Segment Start: INPUT DATA

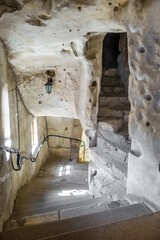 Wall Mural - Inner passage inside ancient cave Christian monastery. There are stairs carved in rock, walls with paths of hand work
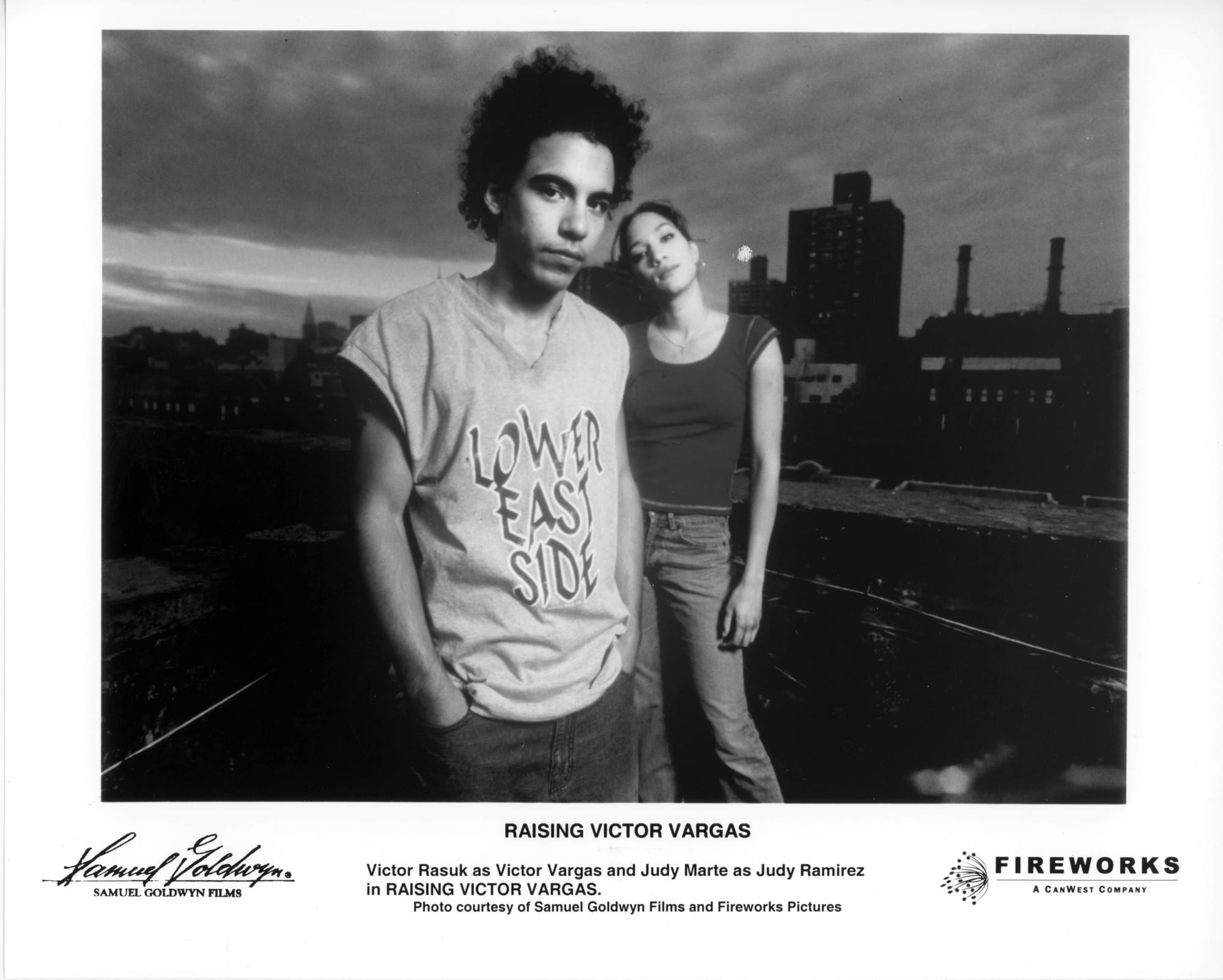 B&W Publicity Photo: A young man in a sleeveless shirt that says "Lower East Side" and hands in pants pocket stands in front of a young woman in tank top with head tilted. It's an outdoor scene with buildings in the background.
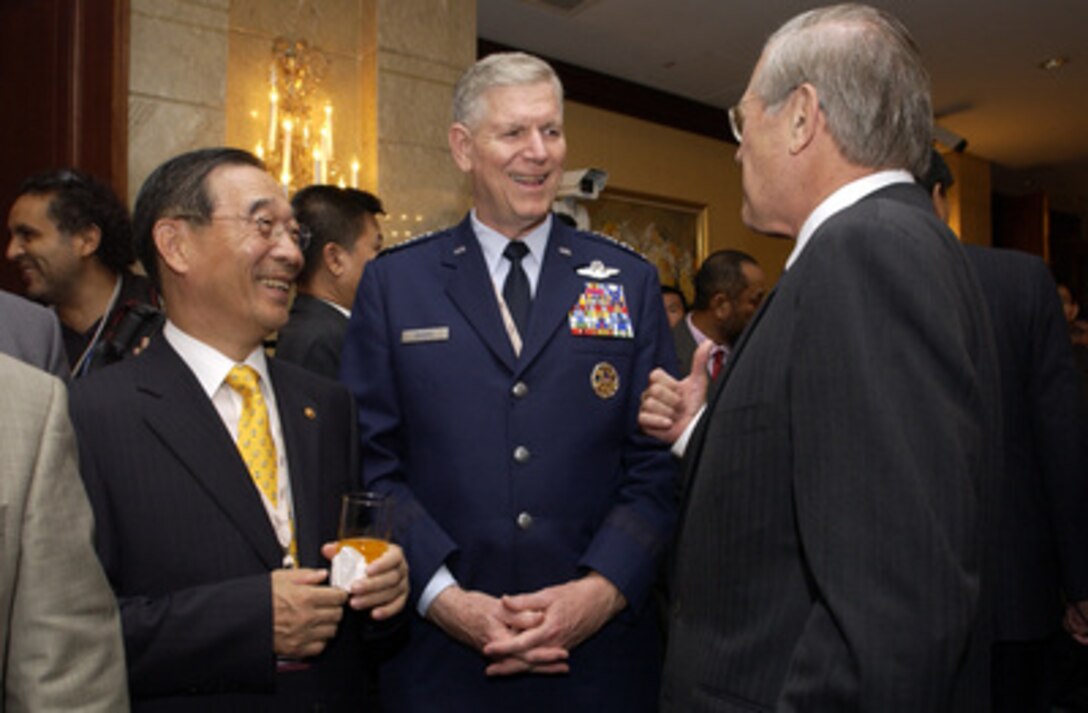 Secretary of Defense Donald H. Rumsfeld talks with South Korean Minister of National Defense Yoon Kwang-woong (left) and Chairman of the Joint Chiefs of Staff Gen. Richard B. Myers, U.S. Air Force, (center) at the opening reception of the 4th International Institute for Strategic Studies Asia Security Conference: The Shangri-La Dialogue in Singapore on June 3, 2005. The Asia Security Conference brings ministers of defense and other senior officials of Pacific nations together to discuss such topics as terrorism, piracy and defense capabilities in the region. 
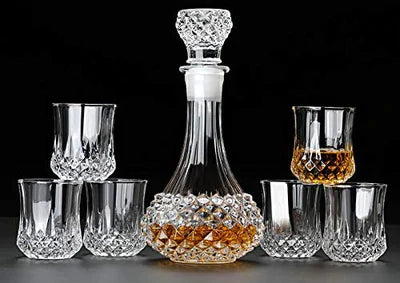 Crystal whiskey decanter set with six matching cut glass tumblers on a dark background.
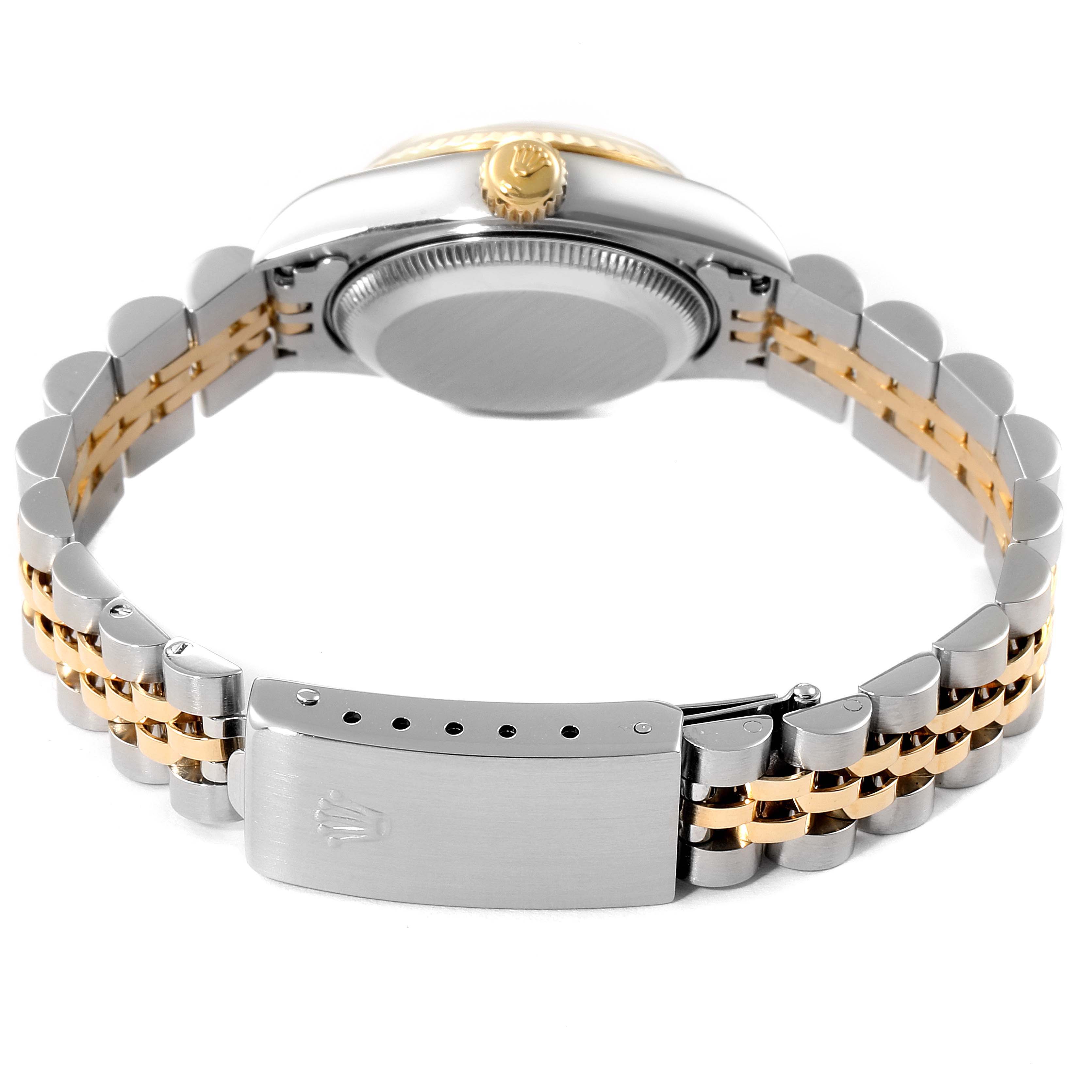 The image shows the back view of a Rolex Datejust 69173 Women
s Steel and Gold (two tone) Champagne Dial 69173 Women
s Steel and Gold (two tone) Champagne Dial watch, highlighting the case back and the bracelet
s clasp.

Segment End: INPUT DATA

YOUR OBJECTIVE: In the answer, please give only the lines from the line containing "s Steel and Gold (two tone) Champagne Dial watch, highlighting" through the final line of the data, copied exactly.

ANSWER FOR THIS EXERCISE:
s Steel and Gold (two tone) Champagne Dial watch, highlighting the case back and the bracelet
s clasp.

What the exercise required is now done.